By Eric Schweibenz
On October 5, 2012, ALJ David P. Shaw issued the public version of Order No. 34 (dated September 19, 2012) denying Complainants LSI Corporation and Agere Systems Inc.’s (collectively, “LSI”) motion to compel Respondent Funai Electric Company Ltd. (“Funai”) to produce corporate witnesses outside of Japan in Certain Audiovisual Components and Products Containing the Same (Inv. No. 337-TA-837).

According to the Order, LSI argued that they suffered a hardship or other unusual circumstance justifying their request in light of the difficulties they have encountered and the impending discovery deadline.  More particularly, LSI asserted that they had been diligent in their efforts to take Funai’s depositions in Japan since June 2012, but were unsuccessful due to Funai’s “dilatory tactics.”  Funai opposed LSI’s motion and argued that “LSI’s discovery problems are solely the result of its noncompliance (or persistently late compliance) with the applicable rules – rules that Funai explained to it multiple times – and LSI’s own changing position regarding the information sought by its own Amended Notce.”

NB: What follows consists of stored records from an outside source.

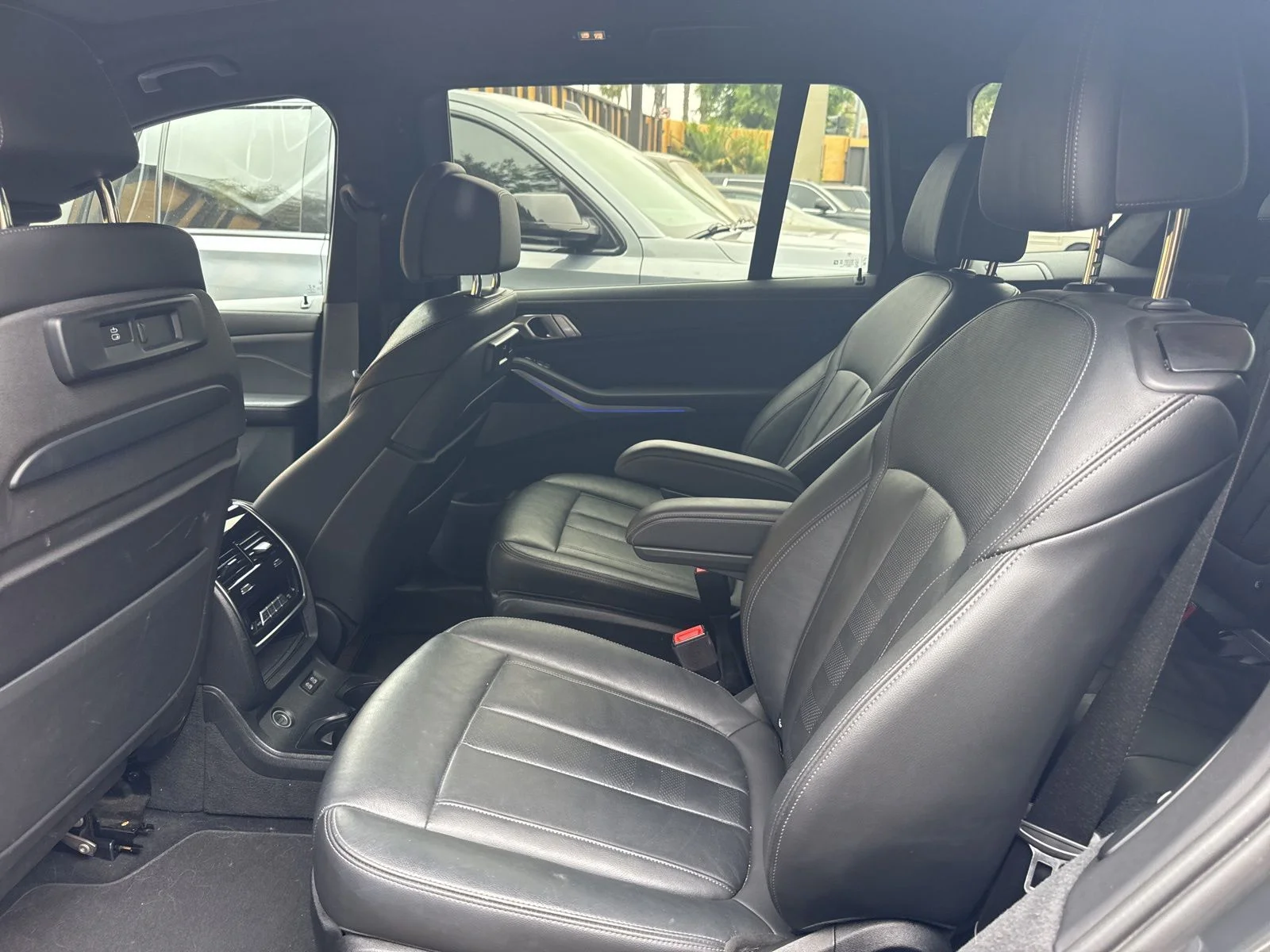 Used 2022 Gray BMW M50i image 6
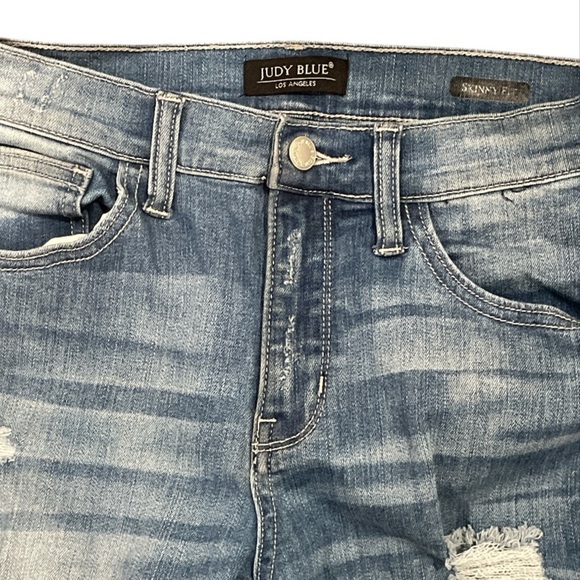 Judy Blue Women’s Skinny Fit Blue Distressed Jeans Size 11/30 - Picture 3 of 6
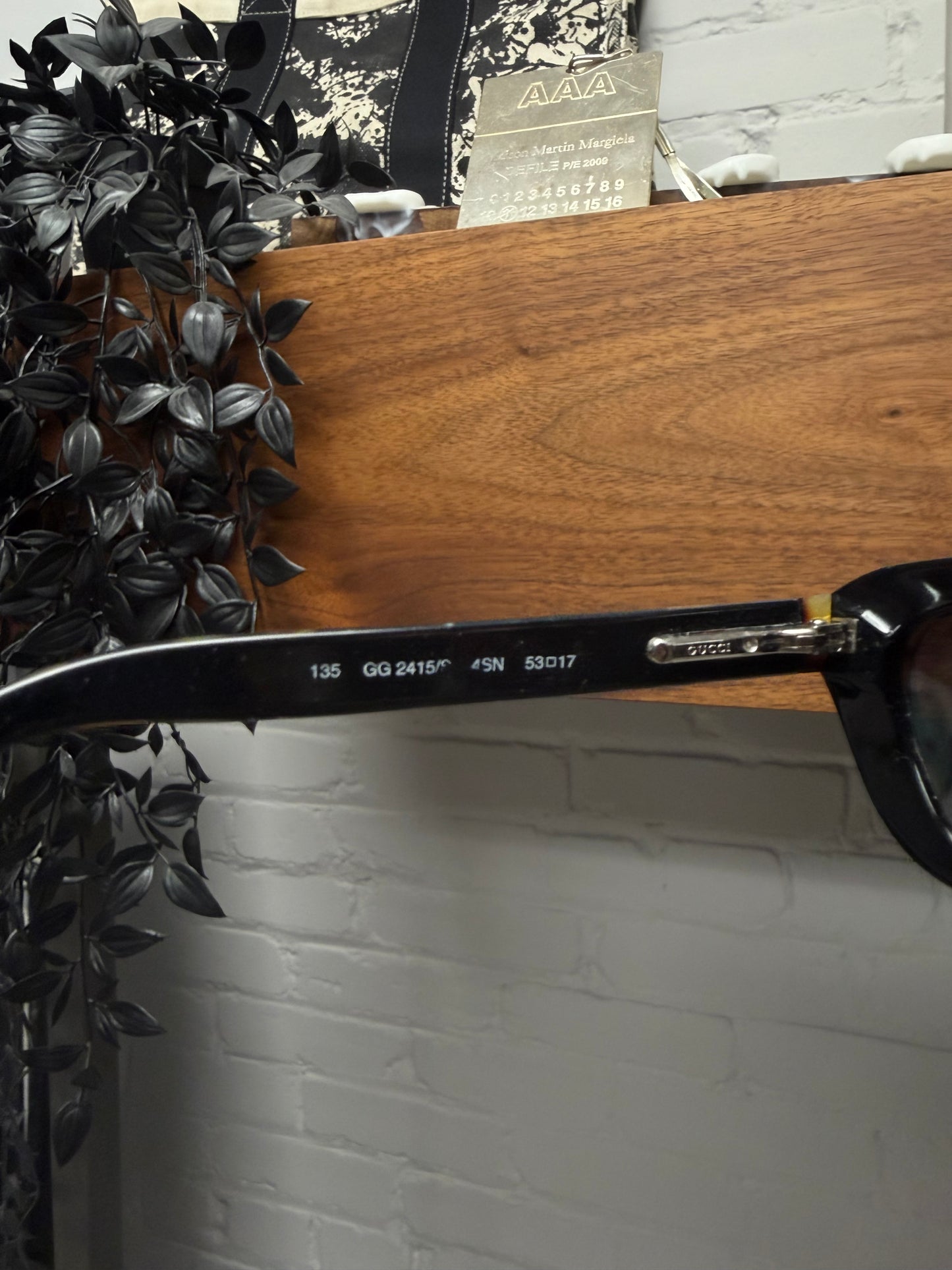 90s Gucci ‘Moda’ Tortoiseshell Brown Oval Sunglasses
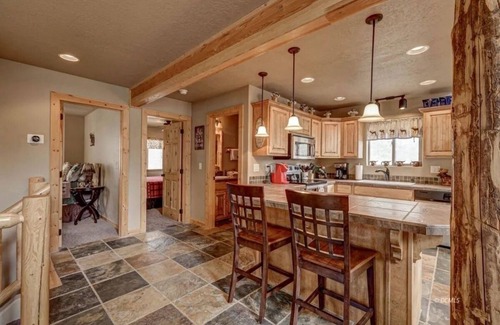 Meadow View Heights Cabin | Family Friendly Getaway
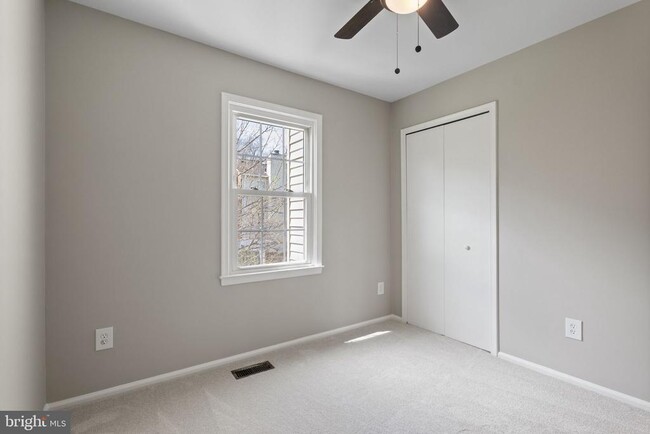 Building Photo - 941 Sherwood Ct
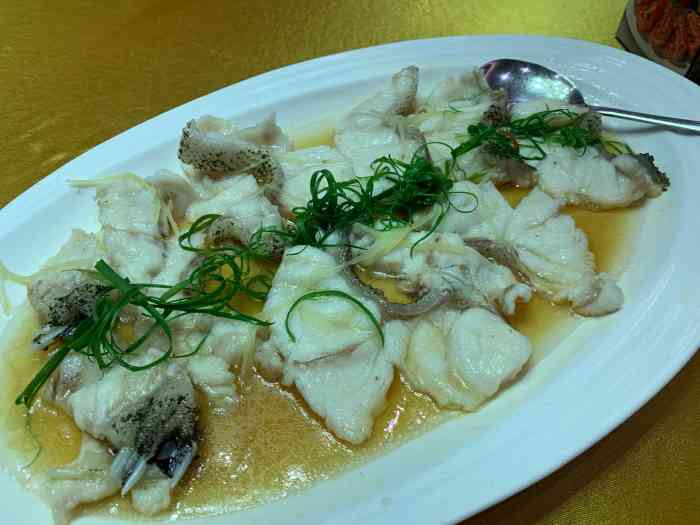 新海利海鲜城(夏湾店)-"还可以,豆浆油条不好吃,总体还可以.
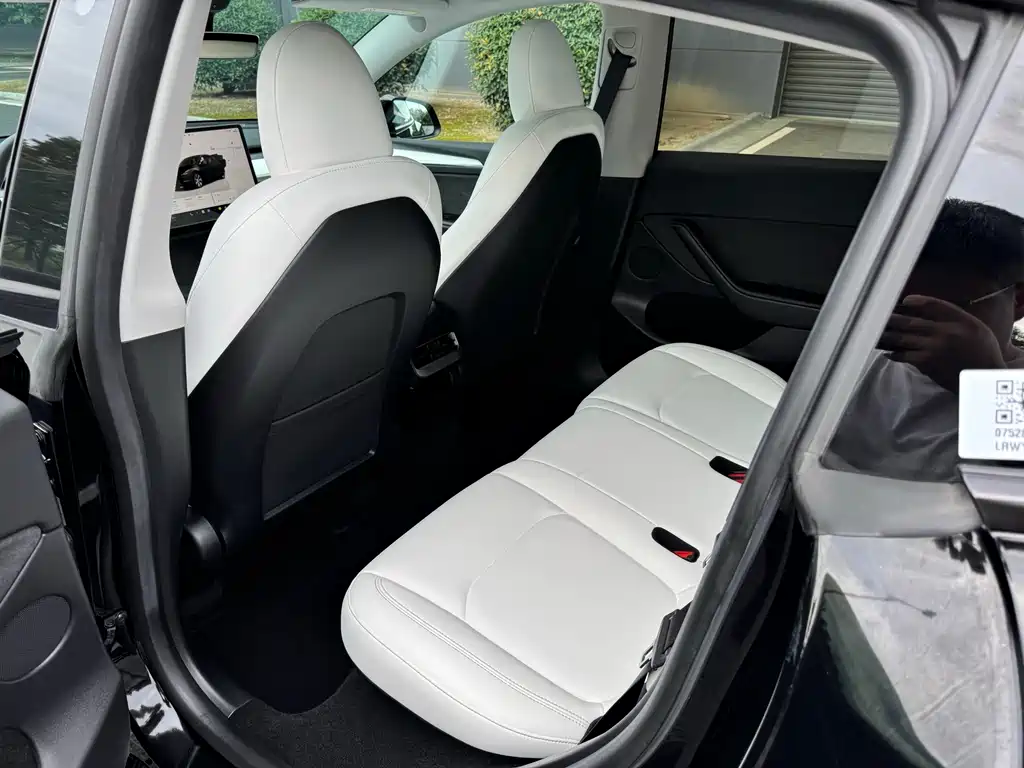 Tesla Model Y — миниатюра 16
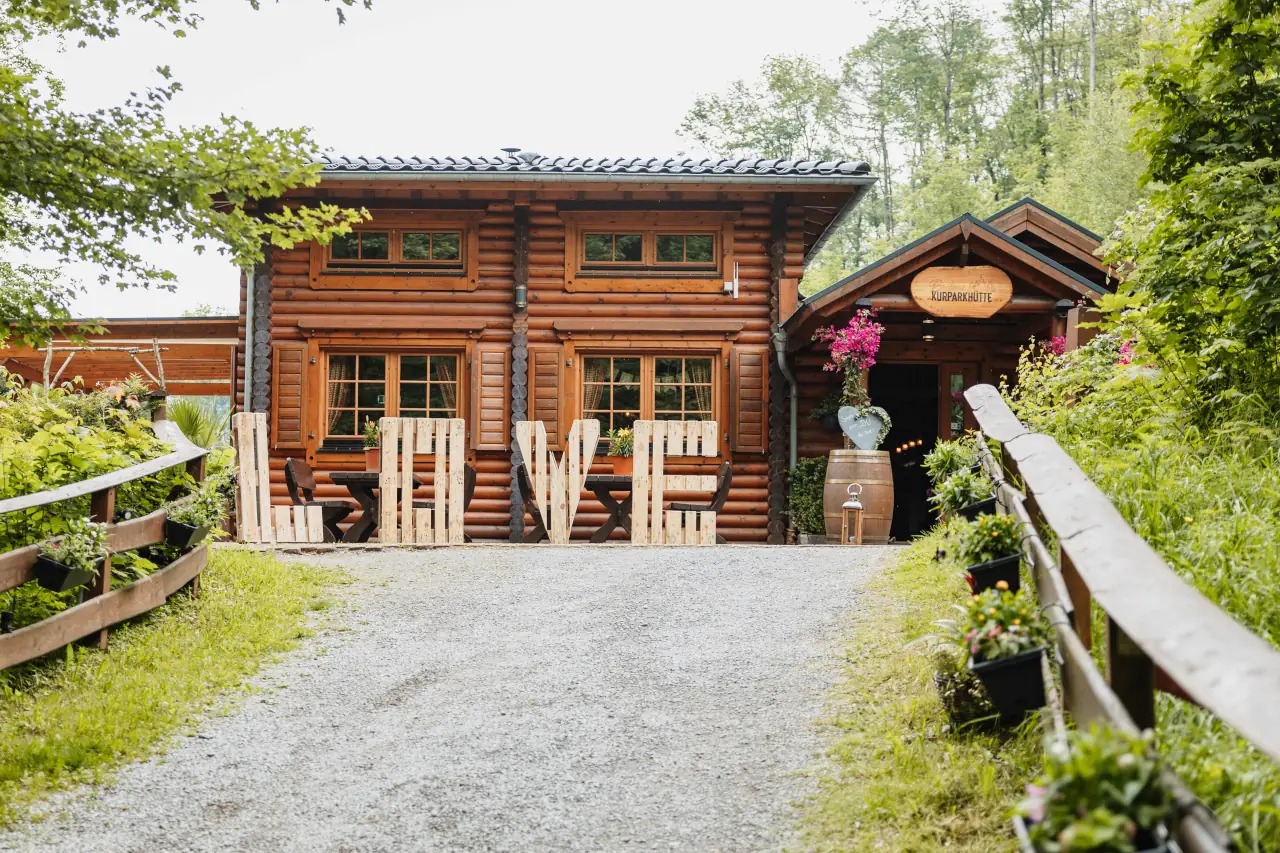 Matrimonio - Festzelt - Nord Reno-Westfalia - Auf Wunsch stellen wir euch den beleuchteten Schriftzug "Love" zur Verfügung. - Brilons Kurparkhütte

In the Order, ALJ Shaw noted that the “generally accepted practice in Section 337 investigations is to have depositions taken at a location that is convenient for the witness unless there is a showing of hardship or unusual circumstances.”  ALJ Shaw denied the motion here and concluded that LSI did not demonstrate the required showing to justify an order compelling a deposition of Funai outside of Japan.